Your task:
Your answer must be an exact copy of the listing, with the images left out.

Dataset excerpt:
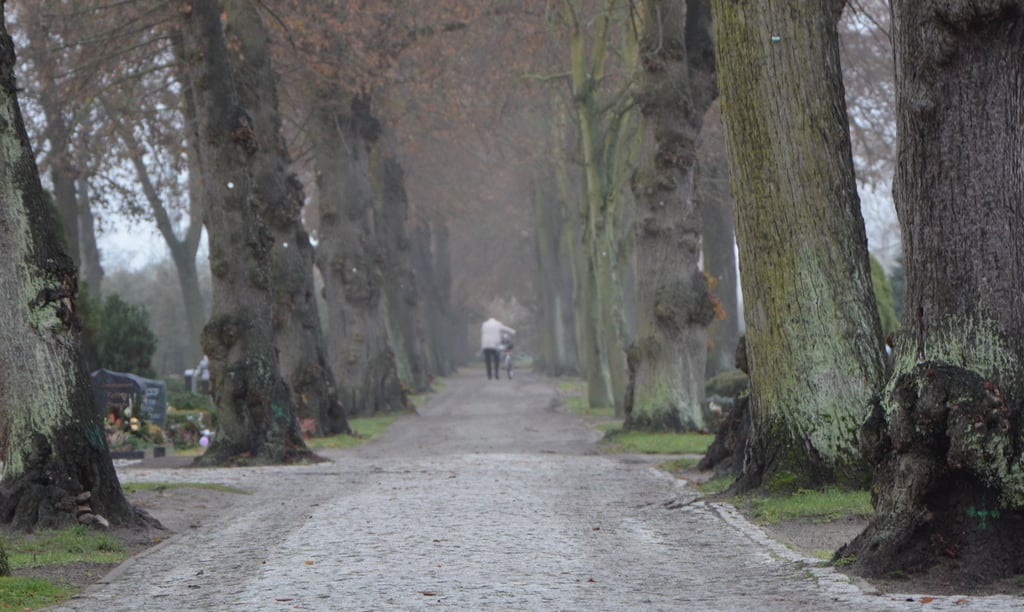 Der Friedhof in Osterburg befindet sich mitten in einem Wandel. Die Kirchengemeinde möchte ihn „ins Leben holen“.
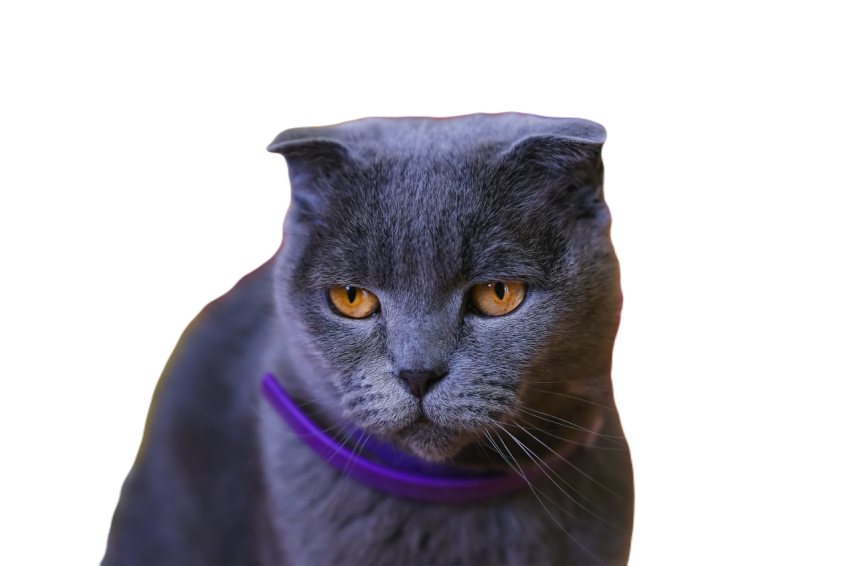 Gray cat with yellow eyes with purple collar on co 2025 01 09 15 19 48 utc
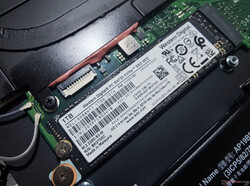 Das TravelMate P6 bietet nur einen einzigen M.2 2280-Steckplatz für NVMe-SSDs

Task result:
 Der Friedhof in Osterburg befindet sich mitten in einem Wandel. Die Kirchengemeinde möchte ihn „ins Leben holen“.
 Gray cat with yellow eyes with purple collar on co 2025 01 09 15 19 48 utc
 Das TravelMate P6 bietet nur einen einzigen M.2 2280-Steckplatz für NVMe-SSDs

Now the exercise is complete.